Netanyahu has accepted the plan and has the tacit support of Trump to begin unilaterally implementing elements of it, given the ongoing Palestinian refusal to even consider negotiating with Israel or the US.

Hence the talk about extending Israeli sovereignty over the strategically vital Jordan Valley and settlements.

Abbas is resorting to familiar tactics by denouncing any moves to extend Israeli sovereignty as ending any hopes for a two-state resolution.

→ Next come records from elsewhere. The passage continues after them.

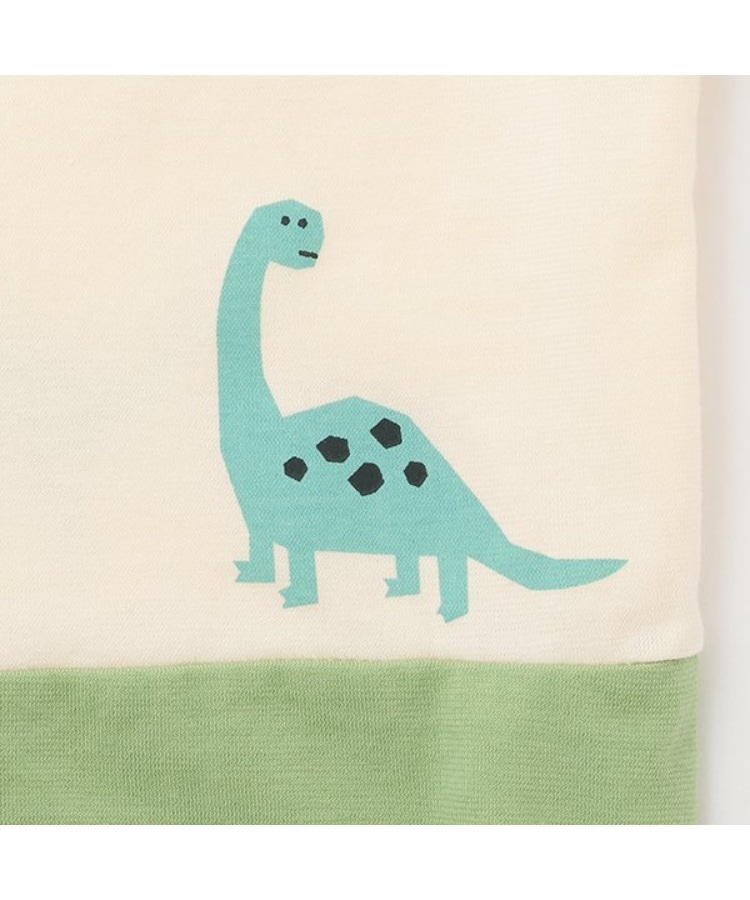 センスオブワンダー(sense of wonder)の恐竜Tシャツ7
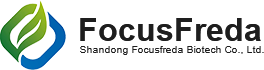 FocusFreda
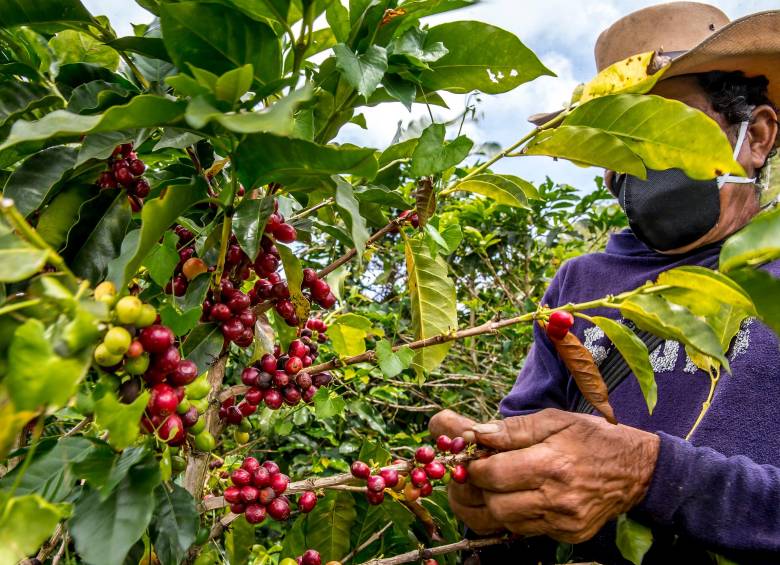  Los lotes provienen de seis fincas caficultoras de Santa Bárbara, Urrao, Jardín, Concordia, Medellín y Sonsón. FOTO: Juan Antonio Sánchez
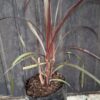 1000501549-scaled.jpg Pennisetum purpureum 'Vertigo'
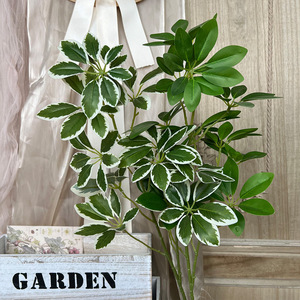 Bande de plante artificielle en bois de cajou 30cm-100cm, fleur en soie verte et blanche, accessoire de décoration de mariage - Product Image 3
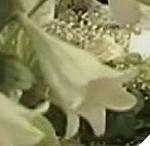     
: White Heaven1.JPG
: 18
:	30.2 
ID:	13499916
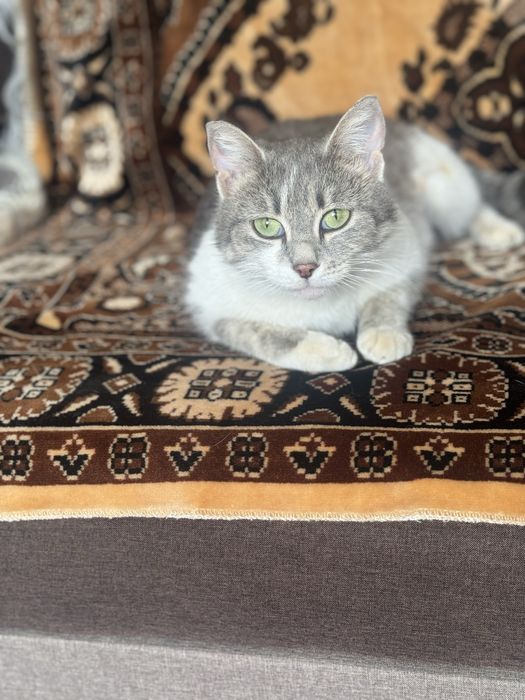 Кошки  Аксу бесплатно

We have no idea what, if anything, Netanyahu will do with regard to implementing Israeli sovereignty over parts of the West Bank assigned to it by the Trump peace plan, so there is currently no way to judge what effect such a move would have on long-term prospects of a two-state peace.

However, it is worth recalling that all serious peace plans over the past 30 years have envisaged Israel keeping at least some parts of the West Bank.

What we do know, though, is that, for the first time since Abbas checked out on Kerry in 2014, the Palestinian Authority is again hinting at reopening negotiations.

Palestinian Authority Prime Minister Mohammed Shtayyeh recently offered a counter-plan for the creation of a “sovereign Palestinian state” to the Middle East Quartet – the US, UN, EU and Russia – while Palestinian Authority Foreign Minister Riyad al-Maliki recently endorsed possible peace talks under Russian auspices.

Rather than killing a two-state peace, the Trump plan, and Israeli talk about implementing elements of it, may have shocked the frozen process out of stasis.

Allon Lee is a senior policy analyst at the Australia/Israel & Jewish Affairs Council.